*** Opening Supplied records ***

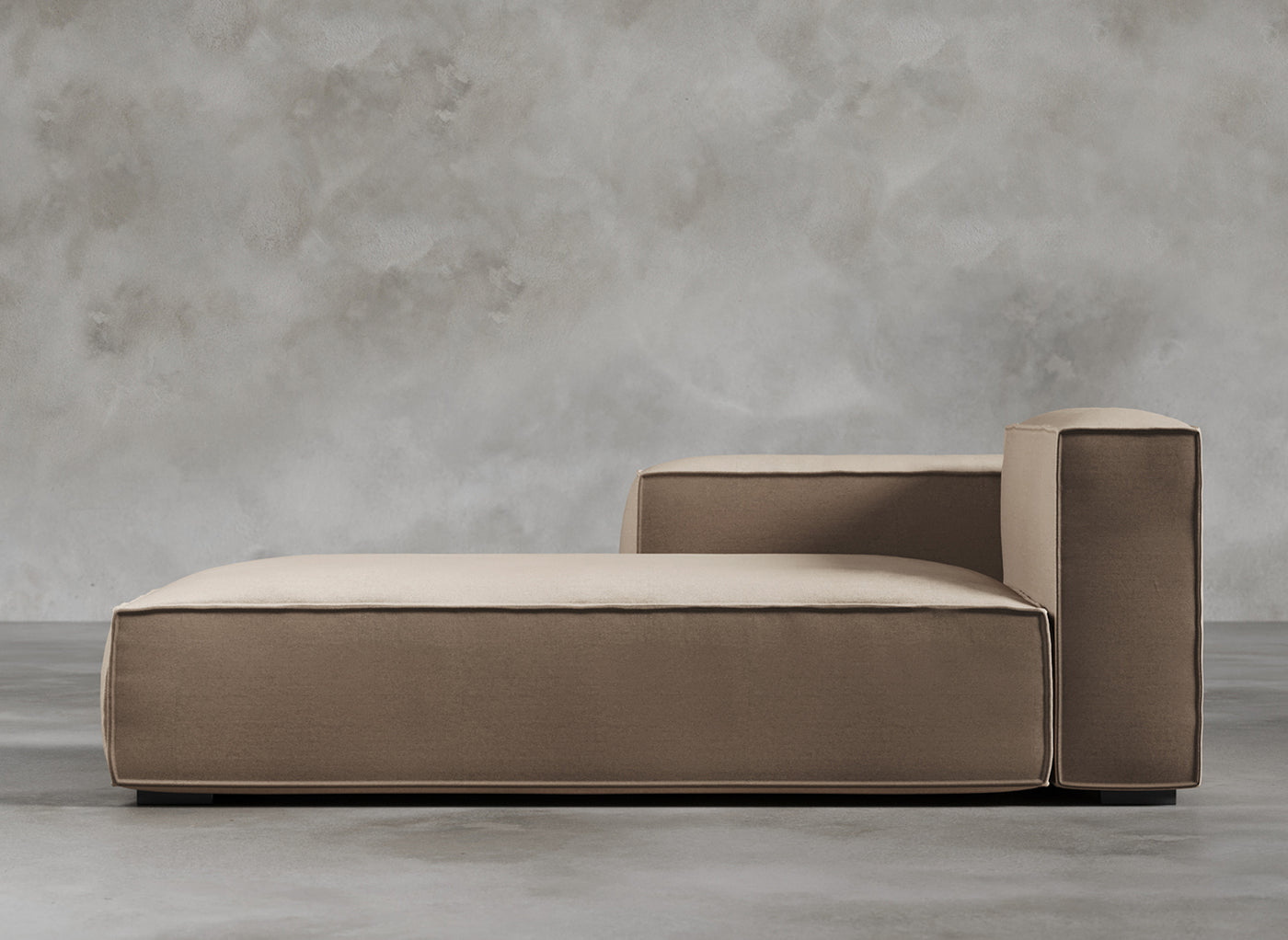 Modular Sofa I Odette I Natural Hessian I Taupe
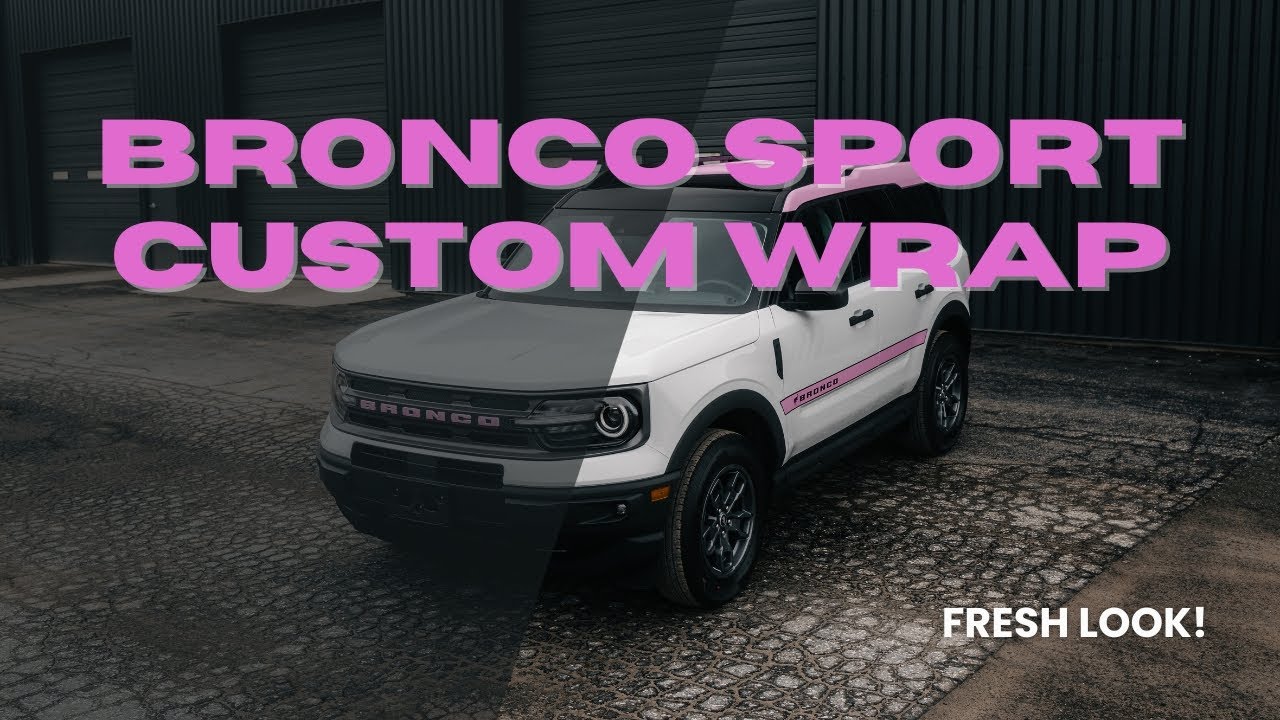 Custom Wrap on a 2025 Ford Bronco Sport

*** Closing Supplied records ***
*** Opening Supplied records ***

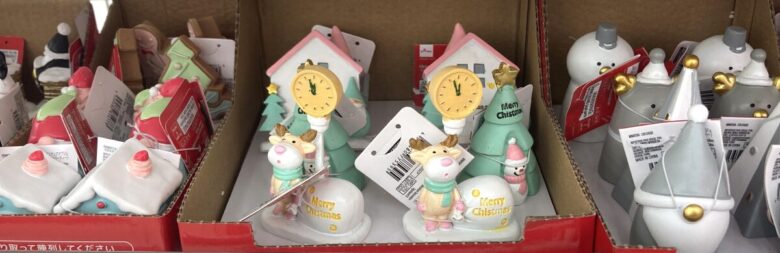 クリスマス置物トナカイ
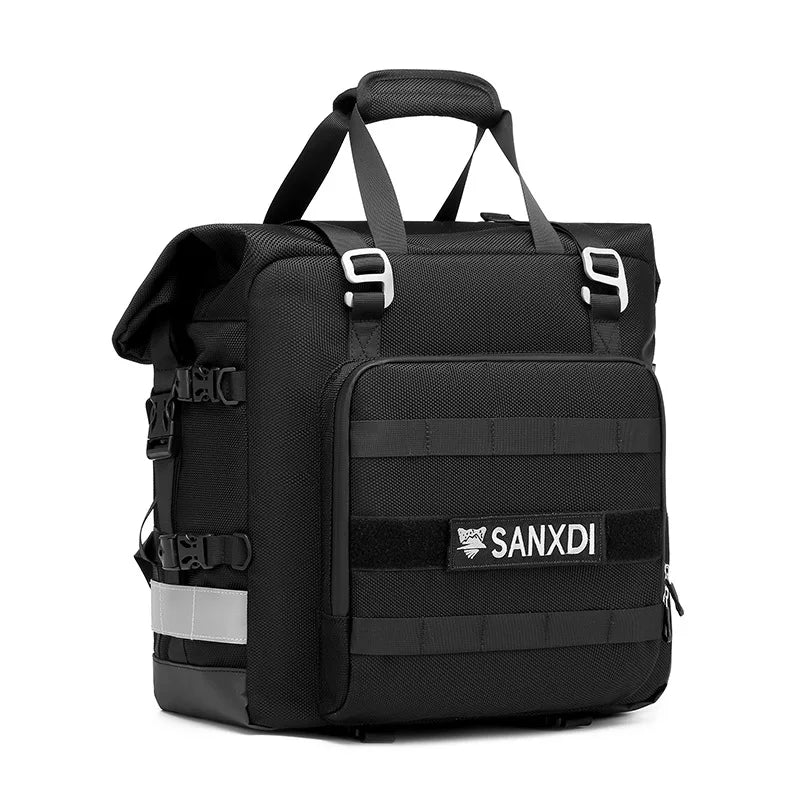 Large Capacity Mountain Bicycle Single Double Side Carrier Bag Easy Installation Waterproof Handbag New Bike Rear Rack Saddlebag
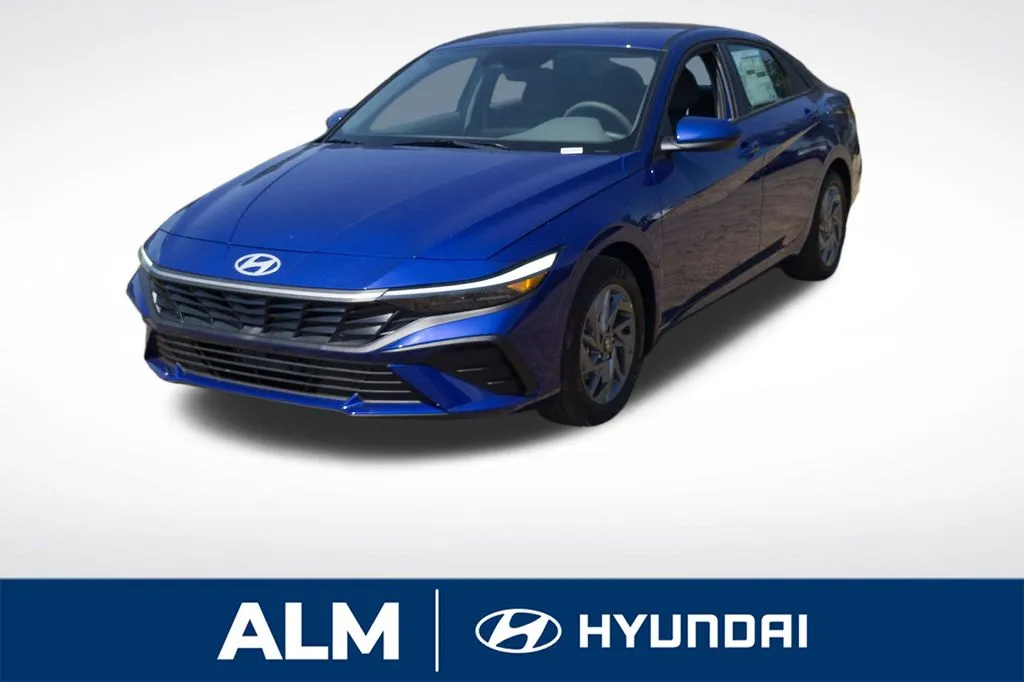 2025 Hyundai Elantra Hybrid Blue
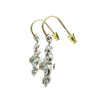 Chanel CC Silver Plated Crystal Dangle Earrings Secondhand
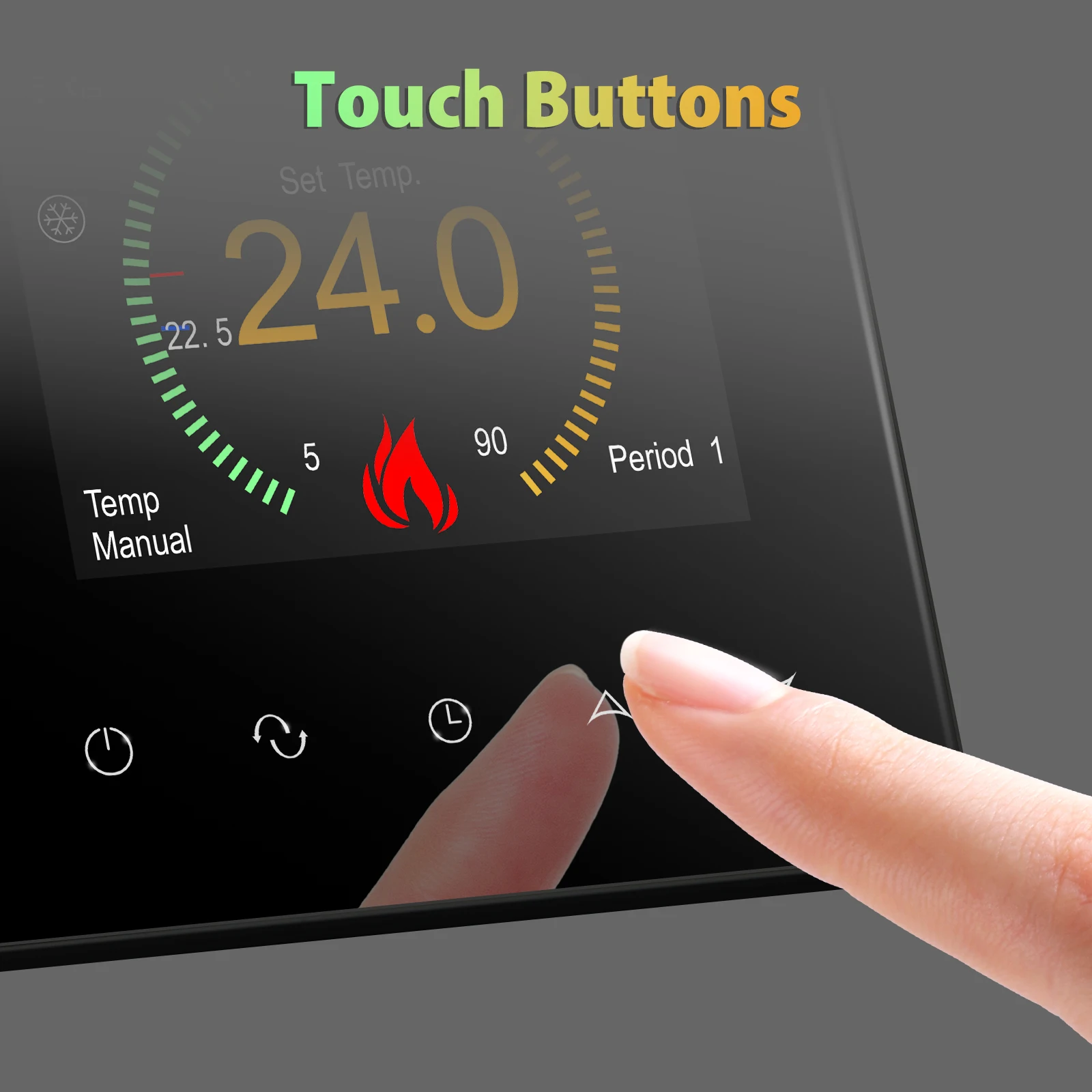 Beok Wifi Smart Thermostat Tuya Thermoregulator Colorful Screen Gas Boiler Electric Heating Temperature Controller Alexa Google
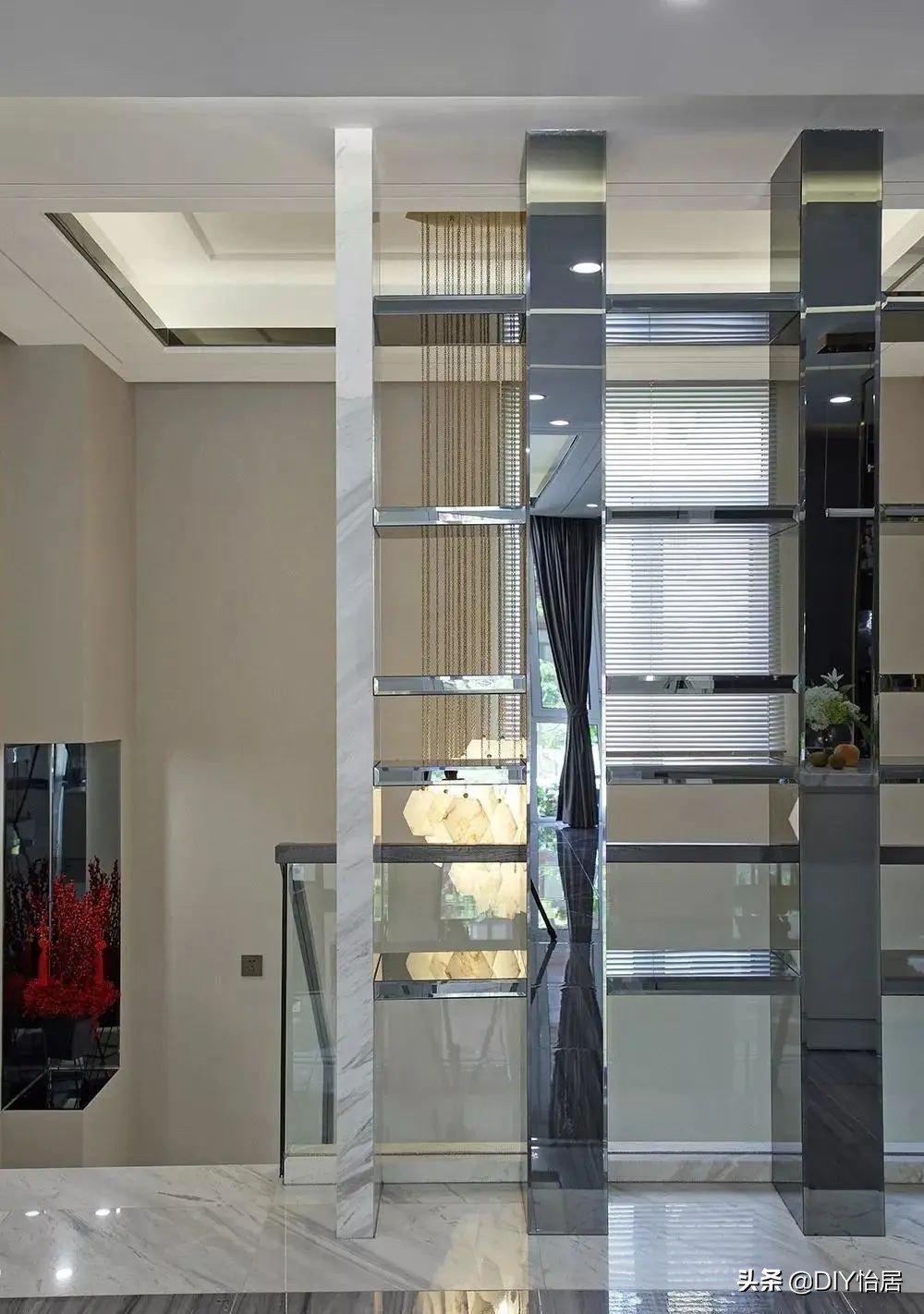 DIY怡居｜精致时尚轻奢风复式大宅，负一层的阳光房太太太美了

*** Closing Supplied records ***

Each line between the one holding "Chanel CC Silver" and the one holding "DIY怡居｜精致时尚轻奢风复式大宅，负一层的阳光房太太太美了", inclusive, should be copied exactly as it appears above, and pictures should be omitted.

 Chanel CC Silver Plated Crystal Dangle Earrings Secondhand
 Beok Wifi Smart Thermostat Tuya Thermoregulator Colorful Screen Gas Boiler Electric Heating Temperature Controller Alexa Google
 DIY怡居｜精致时尚轻奢风复式大宅，负一层的阳光房太太太美了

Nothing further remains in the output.